Rewolucja? Jake Paul podpisał kontrakt z PFL, będzie startował w specjalnej kategorii super-walk!
Jake Paul podpisał obejmujący wiele walk kontrakt z organizacją Professional Fighters League.
Wojujący dotychczas w formule bokserskiej – z powodzeniem, bo wygrał wszystkie walki, jakie dotychczas stoczył, ostatnio w pokonanym polu zostawiając samego Andersona Silvę – Jake Paul idzie w MMA. Kontrowersyjny Amerykanin podpisał kontrakt z organizacją Professional Fighters League, co ogłosił w swoich mediach społecznościowych.
Nie znaczy to jednak, że Paul rezygnuje z boksu – zamierza bowiem łączyć starty w obu dyscyplinach.
Pod sztandarem PFL 26-latek będzie występował w specjalnie na okoliczność jego angażu utworzonej dywizji pod nazwą Super Fight. Gale z walkami w tejże dywizji będą dostępne za pośrednictwem systemu PPV i dystrybuowane przez ESPN oraz DAZN. Ich uczestnicy będą otrzymywać 50% ze sprzedaży PPV.
– Chodzi o zmianę MMA – powiedział Paul w wywiadzie dla NYT. – Rozbicie schematów, innowacyjność, stworzenie dużej ligi.
– Rozbiłem już schematy w boksie, a teraz pora na MMA. Wiem, że to niezwykle ciężki sport. Wiem, że nie będzie łatwo, ale jeśli mogłem tego dokonać w boksie, mogę zrobić to także w MMA.
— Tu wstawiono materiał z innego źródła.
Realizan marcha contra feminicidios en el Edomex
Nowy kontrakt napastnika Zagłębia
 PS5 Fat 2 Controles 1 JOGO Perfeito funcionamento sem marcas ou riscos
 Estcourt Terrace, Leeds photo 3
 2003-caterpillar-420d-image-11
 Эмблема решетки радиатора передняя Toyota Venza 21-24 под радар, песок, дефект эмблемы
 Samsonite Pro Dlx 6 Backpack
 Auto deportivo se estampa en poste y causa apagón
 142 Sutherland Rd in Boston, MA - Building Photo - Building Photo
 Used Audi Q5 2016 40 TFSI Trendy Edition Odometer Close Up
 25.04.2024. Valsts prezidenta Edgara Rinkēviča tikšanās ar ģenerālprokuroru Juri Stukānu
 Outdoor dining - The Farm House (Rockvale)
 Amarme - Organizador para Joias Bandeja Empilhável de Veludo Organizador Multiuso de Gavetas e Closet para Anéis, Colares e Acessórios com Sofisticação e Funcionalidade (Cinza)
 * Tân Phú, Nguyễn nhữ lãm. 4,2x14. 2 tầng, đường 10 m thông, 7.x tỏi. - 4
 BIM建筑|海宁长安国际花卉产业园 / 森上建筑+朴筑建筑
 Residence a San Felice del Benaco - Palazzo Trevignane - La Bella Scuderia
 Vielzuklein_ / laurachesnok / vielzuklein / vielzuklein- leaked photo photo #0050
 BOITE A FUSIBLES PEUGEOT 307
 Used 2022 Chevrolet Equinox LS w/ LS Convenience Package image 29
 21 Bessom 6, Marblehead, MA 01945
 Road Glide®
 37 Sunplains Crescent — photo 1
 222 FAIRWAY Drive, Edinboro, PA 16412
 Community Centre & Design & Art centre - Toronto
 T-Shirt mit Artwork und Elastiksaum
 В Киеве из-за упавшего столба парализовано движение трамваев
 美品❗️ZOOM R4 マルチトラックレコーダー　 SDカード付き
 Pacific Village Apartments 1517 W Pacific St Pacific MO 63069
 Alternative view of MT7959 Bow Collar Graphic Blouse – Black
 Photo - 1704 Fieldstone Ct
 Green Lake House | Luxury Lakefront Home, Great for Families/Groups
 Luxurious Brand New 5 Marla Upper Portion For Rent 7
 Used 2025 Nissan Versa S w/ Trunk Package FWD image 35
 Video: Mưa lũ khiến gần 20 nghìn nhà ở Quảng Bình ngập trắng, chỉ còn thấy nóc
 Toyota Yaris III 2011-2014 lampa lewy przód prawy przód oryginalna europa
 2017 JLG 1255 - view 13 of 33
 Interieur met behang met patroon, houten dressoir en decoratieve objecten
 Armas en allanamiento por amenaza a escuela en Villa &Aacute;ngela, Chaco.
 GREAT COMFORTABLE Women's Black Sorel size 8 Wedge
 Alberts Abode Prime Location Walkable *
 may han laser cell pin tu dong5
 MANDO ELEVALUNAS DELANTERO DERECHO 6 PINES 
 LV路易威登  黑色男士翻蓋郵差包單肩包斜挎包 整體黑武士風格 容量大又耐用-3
Jake Paul zdążył już ponowić zaproszenie do walki Nate’owi Diazowi, proponując mu kontrakt na dwie walki – pierwszą w formule bokserskiej, drugą na zasadach MMA. Stocktończyk nie odniósł się póki co do tej propozycji. Gotowość na przywitanie celebryty w szeregach PFL wyraził natomiast były mistrz wagi lekkiej UFC Anthony Pettis.
Póki co nie wiadomo natomiast, kiedy Paul zadebiutuje w PFL. Szef organizacji Donn Davis nie wyklucza, że może do tego dojść dopiero… na początku przyszłego roku.